TOP 5 réalisatrices et réalisateurs
1. Maren Ade (Toni Erdmann)
2. Nicolas Winding Refn (The Neon Demon)
3. Park Chan-wook (Mademoiselle)
4. Alejandro González Iñárritu (The Revenant)
5. Danny Boyle (Steve Jobs)

TOP thématique
Les personnages qui ont du clito !
Comme ce thème fait référence à une réplique de « Divines » (« T’as du clitoris ») et à sa variante abrégée dans le discours de sa réalisatrice lors de la remise de la Caméra d’or (« T’as du clito »), ce film est arbitrairement hors classement (HC).
HC. Divines, de Houda Benyamina
1. SOS Fantômes, de Paul Feig (photo ci-contre)

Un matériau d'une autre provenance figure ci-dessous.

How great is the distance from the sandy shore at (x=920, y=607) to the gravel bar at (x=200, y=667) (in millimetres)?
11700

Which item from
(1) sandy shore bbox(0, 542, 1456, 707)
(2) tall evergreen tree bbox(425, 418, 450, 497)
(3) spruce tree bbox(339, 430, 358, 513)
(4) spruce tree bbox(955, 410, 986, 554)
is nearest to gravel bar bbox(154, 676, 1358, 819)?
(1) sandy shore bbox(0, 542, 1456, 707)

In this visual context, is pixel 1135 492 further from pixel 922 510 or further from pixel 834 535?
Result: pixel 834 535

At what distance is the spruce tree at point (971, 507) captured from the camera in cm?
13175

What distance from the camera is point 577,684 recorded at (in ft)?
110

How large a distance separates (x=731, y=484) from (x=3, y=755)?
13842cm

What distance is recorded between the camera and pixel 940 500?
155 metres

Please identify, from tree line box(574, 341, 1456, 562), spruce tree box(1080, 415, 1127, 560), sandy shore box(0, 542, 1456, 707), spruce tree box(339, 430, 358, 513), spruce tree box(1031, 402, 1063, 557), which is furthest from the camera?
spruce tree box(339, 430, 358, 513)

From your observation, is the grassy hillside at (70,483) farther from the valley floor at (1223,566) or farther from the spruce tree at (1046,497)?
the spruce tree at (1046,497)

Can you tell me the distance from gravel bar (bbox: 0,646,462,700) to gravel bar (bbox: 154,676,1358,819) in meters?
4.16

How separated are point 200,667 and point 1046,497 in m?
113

2. Les Huit Salopards, de Quentin Tarantino
3. Man on High Heels, de Jang Jin
4. La Loi de la jungle, d’Antonin Peretjatko
5. égalité : Déesses indiennes en colère, de Pan Nalin / La Saison des femmes, de Leena Yadav

Révélation de l’année 2016
Tout n’est pas mauvais dans « Ma Loute », qui tient plus du ratage que du navet. Si Bruno Dumont gâche le potentiel de son scénario (misanthropie palpable, mise en scène indigeste, absence de maîtrise humoristique, et étrange plaisir à faire mal jouer ses acteurs), une lumière passe entre les gouttes : l’énigmatique Raph, qui exploite à merveille l’ambiguïté sexuelle de son personnage. Espérons que sa carrière ne s’arrêtera pas à ce désolant objet filmique.